Fu coinvolta nella morte di un 14enne. "In quell'incidente non ero contromano"

Tribunale (foto d'archivio)

Tribunale (foto d'archivio)

Capraia e Limite, 22 febbraio 2017 - «Il giudice ha stabilito che quanto raccontato, con sincerità, sia da me che da mio marito fin dai minuti successivi a quel terribile incidente è la verità. Dopo anni, finalmente, è stato riconosciuto». C’è soddisfazione, non certo gioia, nelle parole di Marinella Marcacci.

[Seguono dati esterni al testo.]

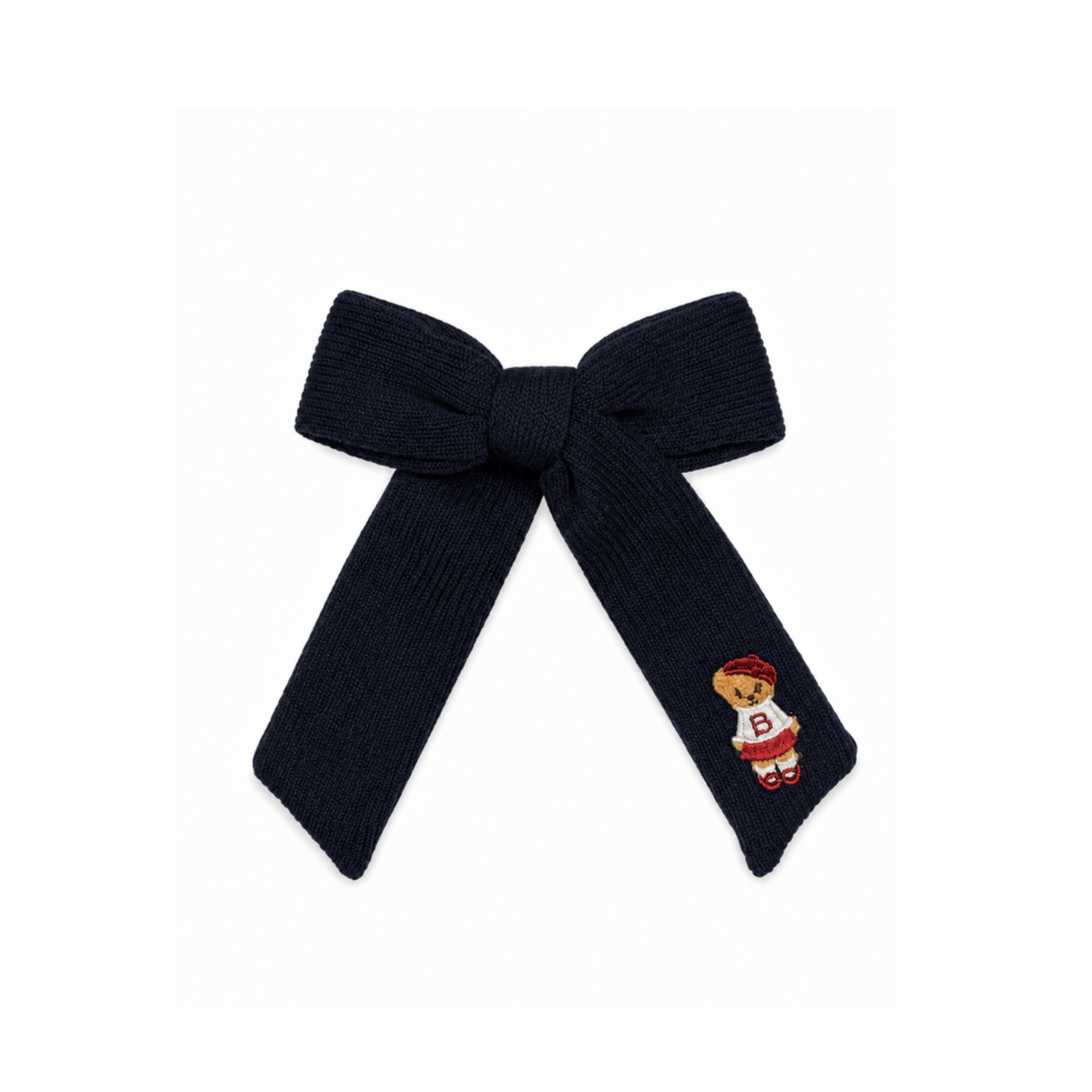 Bandeau Black Bandeau Teddy Knits Medium Bow Clip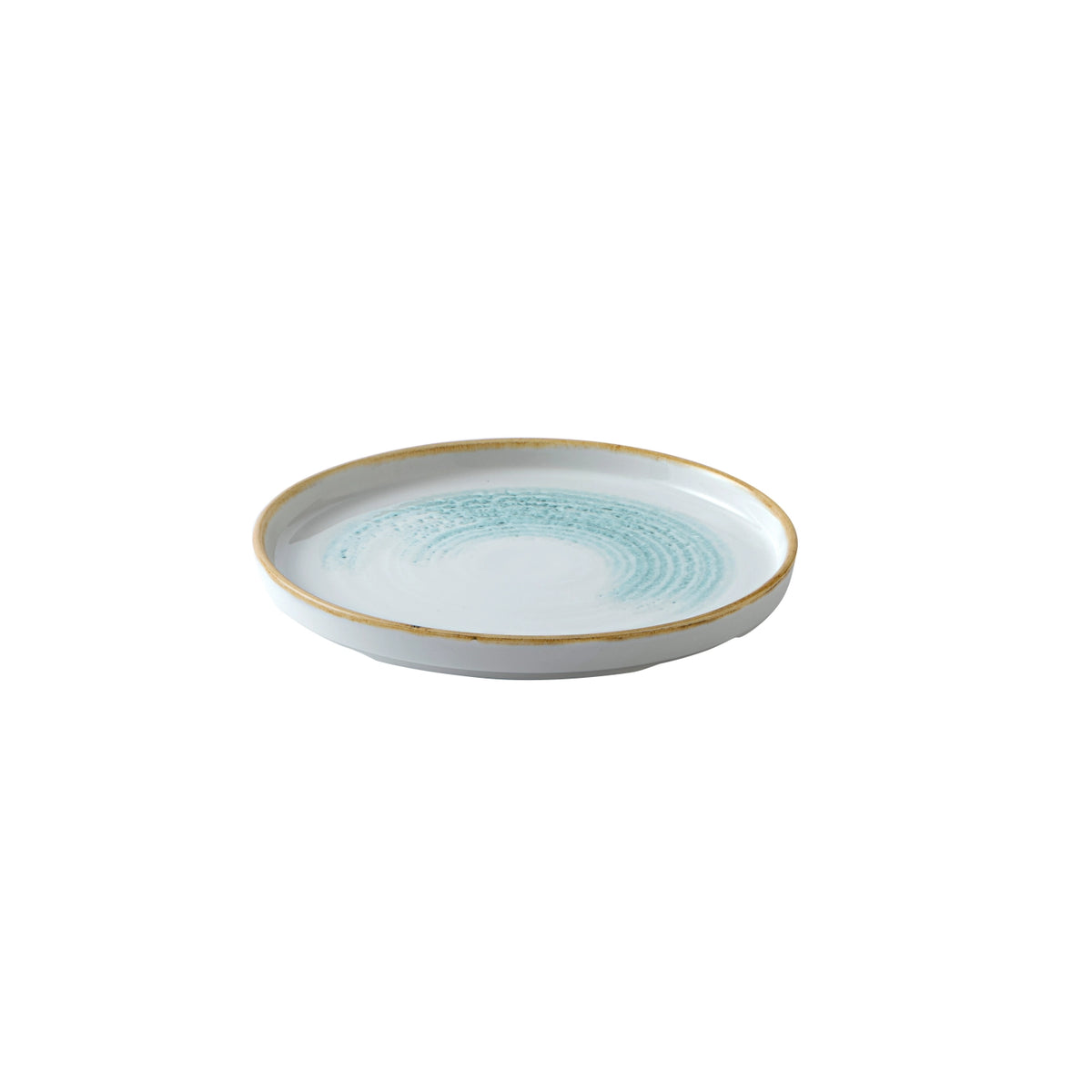 S.P. Homespun Accents Aquamarine Walled Teller 21cm in Blau präsentiert im Onlineshop von KAQTU Design AG. Teller ist von Churchill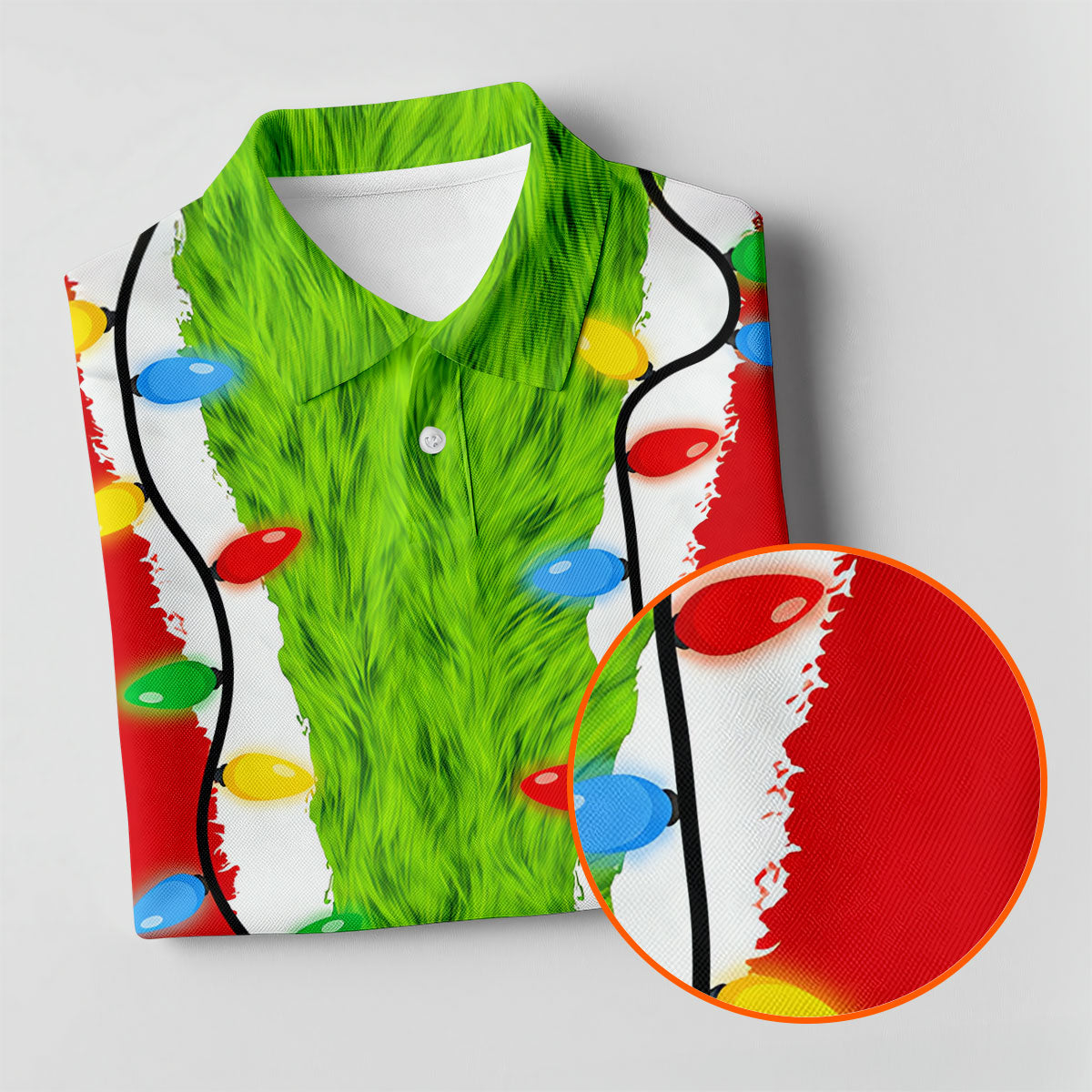 Green Furry Santa Suit Christmas Golf Shirt, Womens Golf Tops, Golf Gifts For Women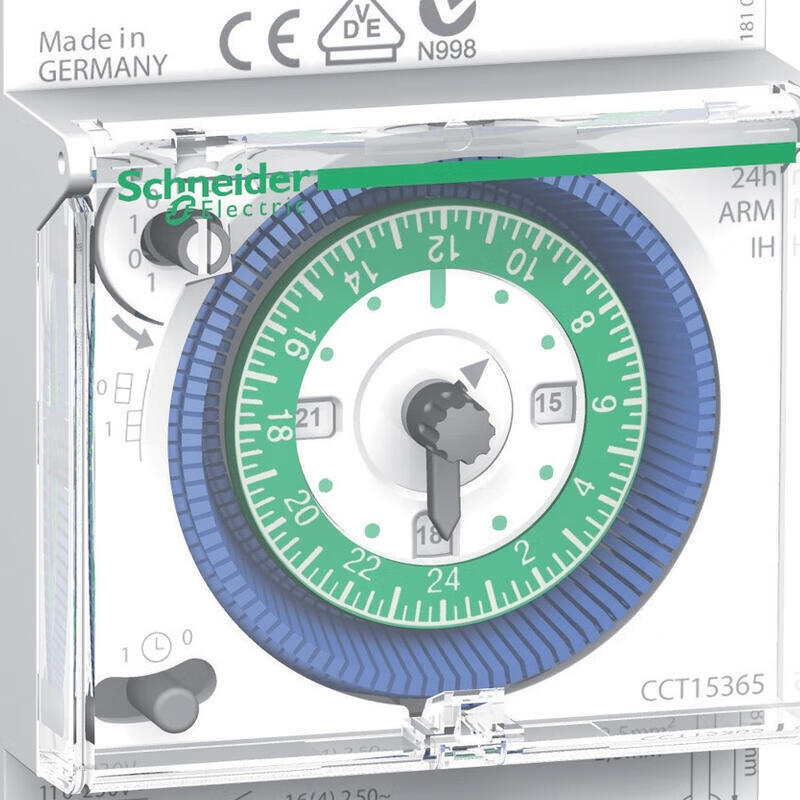 Schneider Electric mechanical time switch, IH 24H (1 channel) time switch (energy storage 150 hours); CCT15365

Lei, residente a Capraia e Limite, è la donna che si trovava alla guida della Citroen Berlingo contro la quale, il 4 agosto 2013, in via Macchiaioli a Castiglioncello, nel comune di Rosignano Marittimo, si schiantò Cesare Meini, 14 anni, giovanissimo di Ponsacco.

Il ragazzo viaggiava in sella al suo motorino quando si verificò l’impatto, per lui tragicamente fatale. «Eravamo arrivati da poche ore al mare – ricorda la Marcacci, rinviata a giudizio con l’accusa di omicidio colposo e assistita dall’avvocato Antonio D’Orzi –. Era domenica pomeriggio, il primo giorno di ferie, stavamo andando a fare la spesa. Tutto bene, finché in via Macchiaioli, dove si incrocia con via Sernesi, ho sentito un botto. Non so descriverlo. Un rumore di lamiera».

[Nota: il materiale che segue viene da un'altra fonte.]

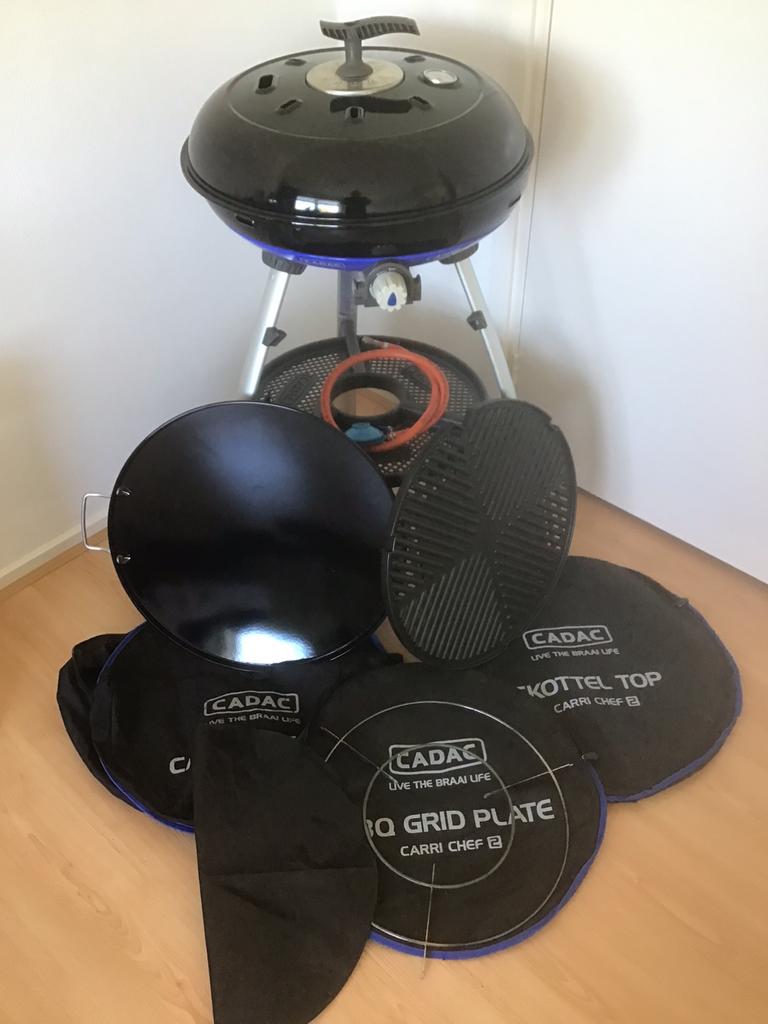 Cadac skottelbraai carri chef 2 nieuw model + accessoires., Ophalen, Zo goed als nieuw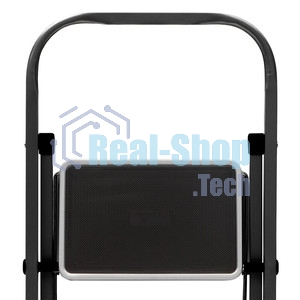 Стремянка ZALGER 9910-3 Jet черный 3 cт с ковриком сталь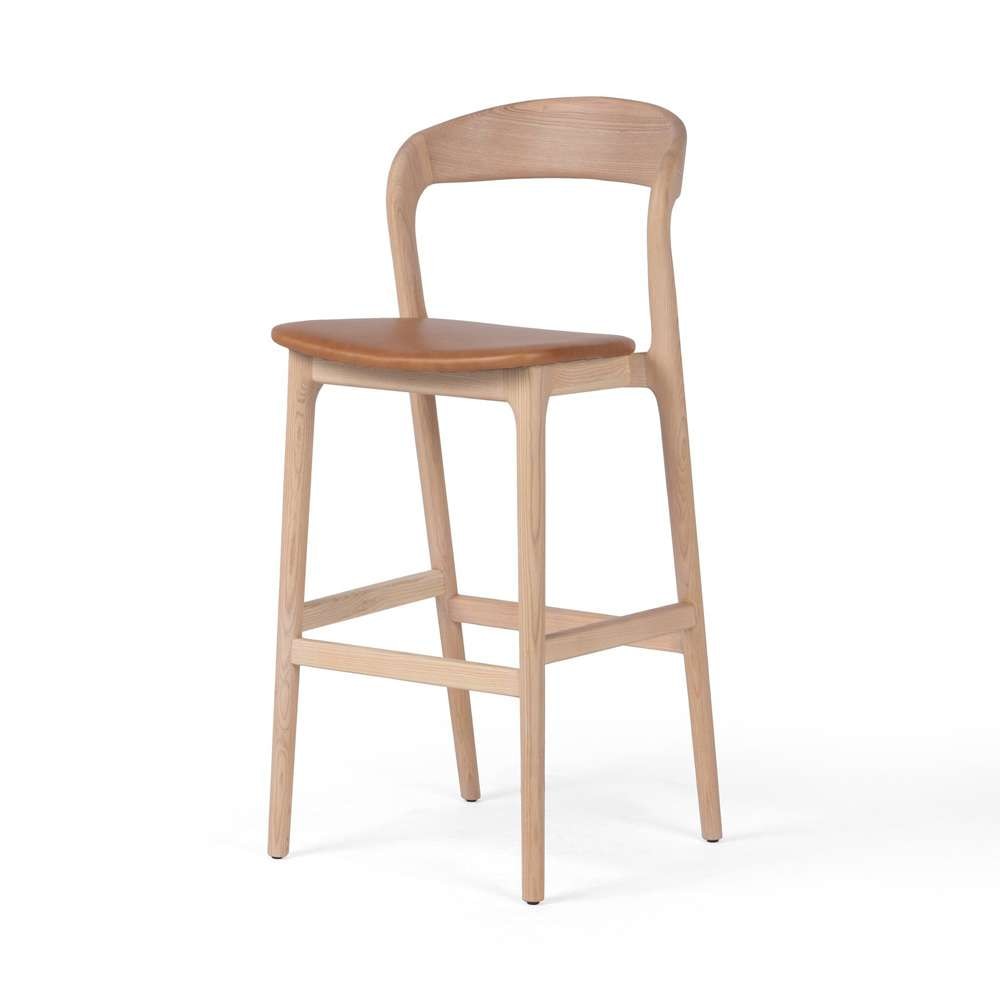 Four Hands - Amare Bar Stool - Sonoma Butterscotch - 236401-001 veiw 1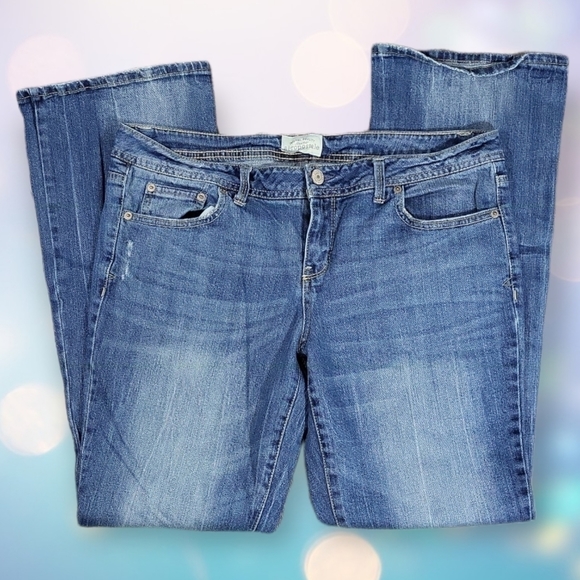 Areopostale Women's Chelsea Bootcut Mid-rise Jeans Size 13/14 - Picture 2 of 7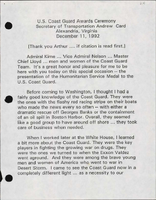 Secretary of Transportation Andrew H Card Jr Speeches December 1992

Il resto è storia fissata su carte processuali, sviscerata nel corso di udienze che hanno avuto un esito inatteso. Il giudice del tribunale di Livorno, Carlo Cardi, dopo la camera di consiglio, non ha emesso una sentenza, bensì un’ordinanza con la quale ha stabilito che «i dati tecnici acquisiti escludono di per sé soli la fondatezza dell’ipotesi ricostruttiva patrocinata dai difensori di parte civile», ossia di uno scontro frontale tra i due mezzi, rinviando gli atti al pm. Nessuna condanna, nessuna assoluzione.

Al processo si era arrivati (dopo una prima richiesta di archiviazione accolta dal gip a settembre 2013 sulla base dei rilievi della municipale) a seguito di una perizia di parte civile che dava una ricostruzione della dinamica dell’incidente opposta a quella sostenuta (la donna avrebbe viaggiato contromano) e di una imputazione coatta. Dopo tre anni è stato accertato che municipale e Marcacci avevano ragione.